Burkina – Salif Diallo : « Nous n’avons pas mené de chasse aux sorcières »

Réservé aux abonnés | | Par - à Ouagadougou
Mis à jour le 08 juin 2016 à 17h24
Salif Diallo, à Ouagadougou, le 5 juillet 2015.

Salif Diallo, à Ouagadougou, le 5 juillet 2015. © AFP / AHMED OUOBA

Nouvelle Constitution, milices koglweogo, Blaise Compaoré… Le président de l’Assemblée nationale – et du parti au pouvoir – fait le point sur les dossiers brûlants.

Juriste de formation et longtemps éminence grise de Blaise Compaoré, jusqu’à ce qu’il devienne dissident et qu’il démissionne, début janvier 2014, du Congrès pour la démocratie et le progrès (CDP), Salif Diallo, 59 ans, est l’un des membres du trio fondateur du Mouvement du peuple pour le progrès (MPP), avec Roch Marc Christian Kaboré et Simon Compaoré, désormais ministre de l’Administration territoriale et de la Sécurité.

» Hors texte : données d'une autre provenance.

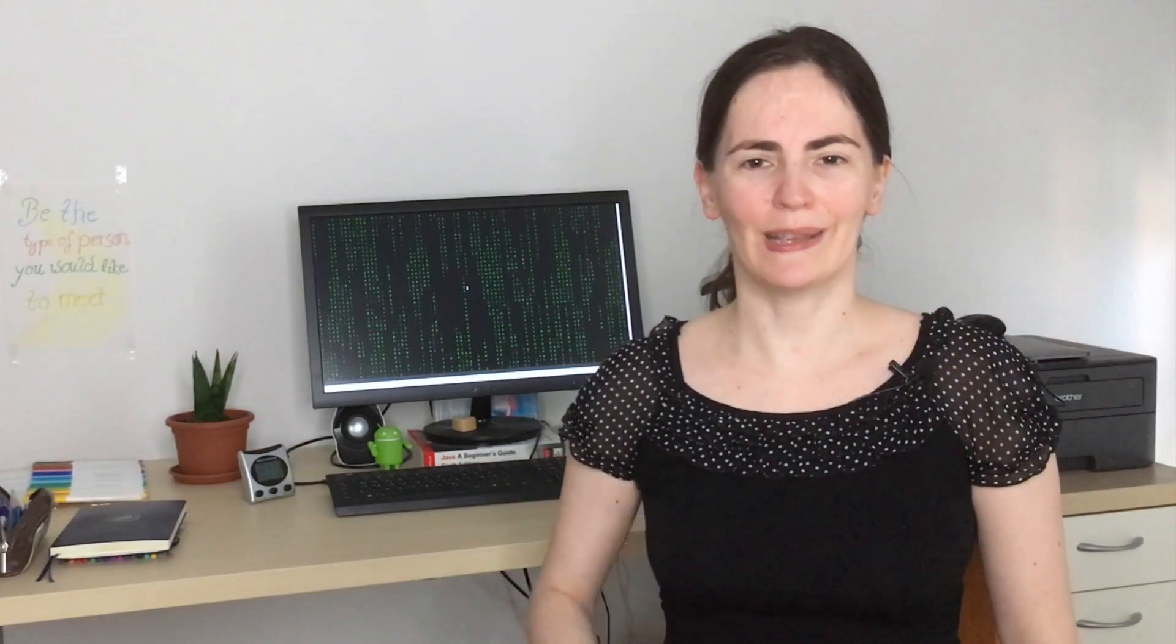If you enjoyed this video, I am always happy about a thumbs up. Also, if you have any questions, please let me know in the comment section. Thank you so much for watching and have a nice day. Bye!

Élu président de l’Assemblée nationale le 30 décembre 2015, au lendemain de l’investiture de Roch Kaboré, Salif Diallo est l’un des hommes clés du nouveau régime : il est le deuxième personnage de l’État, il assure l’intérim de la présidence du MPP et il est incontournable sur les questions de politique intérieure… Au point que certains le considèrent comme le «vice-président» du Faso.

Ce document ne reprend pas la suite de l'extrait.